Working on CPU and device models means spending quite a lot of time looking at hardware reference manuals; you quickly develop an appreciation for the good ones.

Writing a model is creating a from-scratch reimplementation of the hardware. Unfortunately hardware documentation is often written for the device driver writer, not the implementor. You can see this difference of focus most clearly in documents that use phrasing like “you must do X” but which don’t say what happens when you do something else. That’s fine for a device driver writer, who can just stay safely in the area the documentation describes, but to write a good model you also need to know how to behave when the guest OS does do something non-standard. The ARM ARM scores well here, describing both sides of the hardware/software contract rather than merely making rules for software; it also carefully marks out the areas which are implementation defined or unpredictable.

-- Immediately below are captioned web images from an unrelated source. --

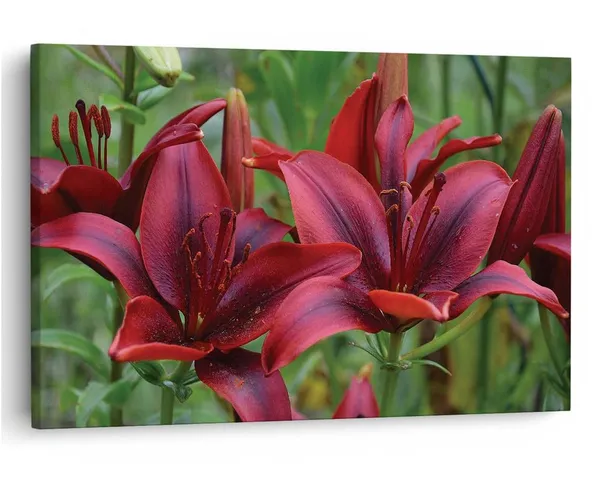 Multicolor_16_X_24_Inch,_Pine_Wood_Framed_Canvas_Paintings_|_For_Home_Decor,_Ready_To_Wall_Hanging,_Premium_Painting_|_For_|_Bedroom,_Living_Room,_Office_Wall_Decoration_|_Wall_Art_Painting,_Ct2297
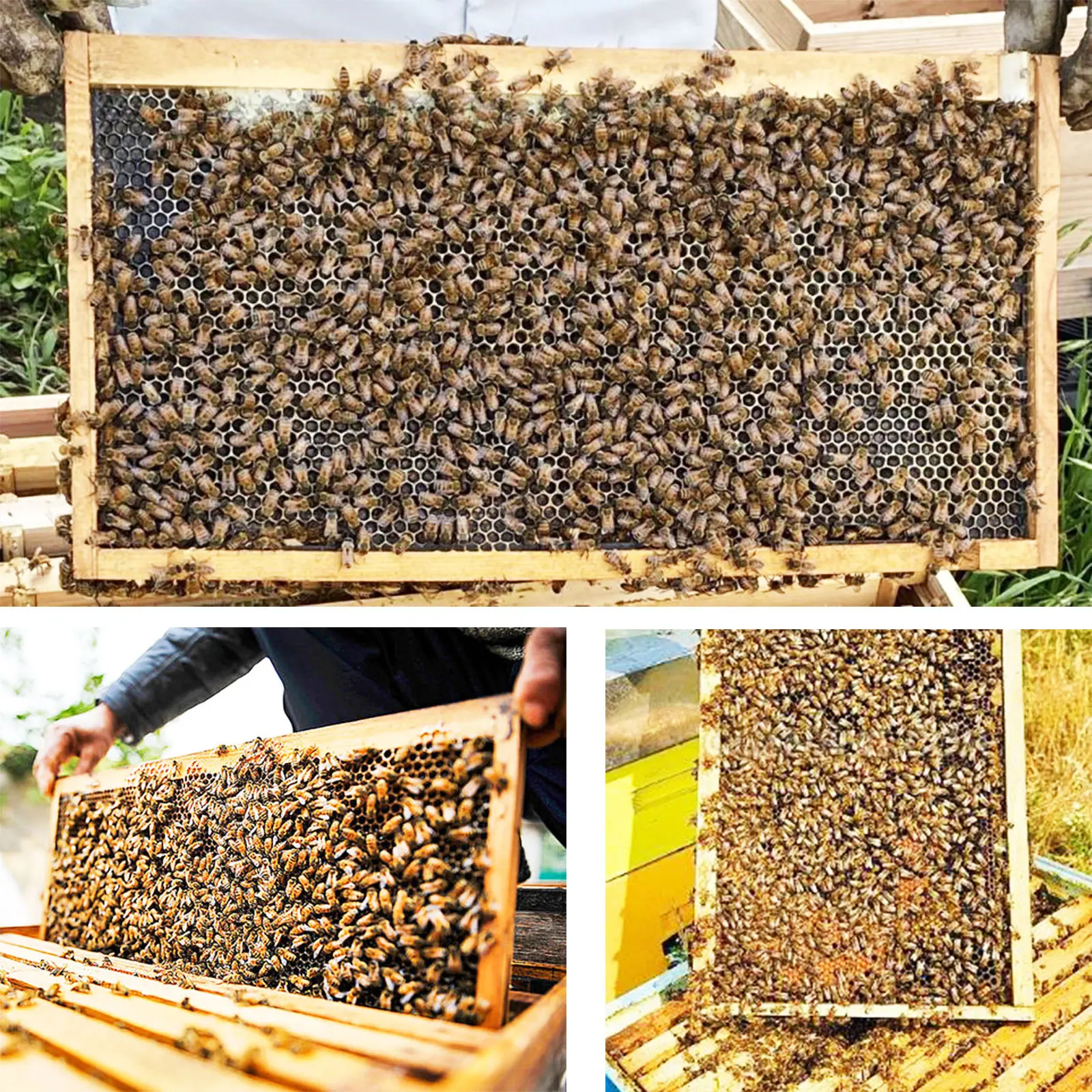 10 Pack Beehive Frames and  Foundations for Deep Brood Bee Hives with Wooden Bee Hive Frames and  Foundation sheets (Yellow)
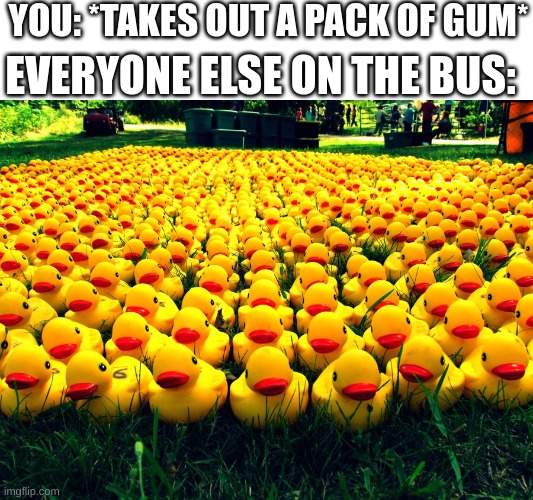me: can't y'all buy ur own? | YOU: *TAKES OUT A PACK OF GUM*; EVERYONE ELSE ON THE BUS: | image tagged in rubber ducky army | made w/ Imgflip meme maker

I also like documentation that doesn’t skimp on the details. If I’m halfway through writing some CPU emulation code and I reach a corner case, I want to be able to grab the manual and look up exactly how that corner case needs to be handled. The ARM ARM’s extensive use of pseudocode is a fantastic help here — it acts as a guide for the authors to ensure they really did write down all the corner case behaviours, and it’s a concise and unambiguous way to communicate them. (There’s a price, of course — the rev C is over 2600 pages — but I’ll willingly pay that.)

So it’s cool to see a new revision of an old friend; I wish everybody else’s docs were this good!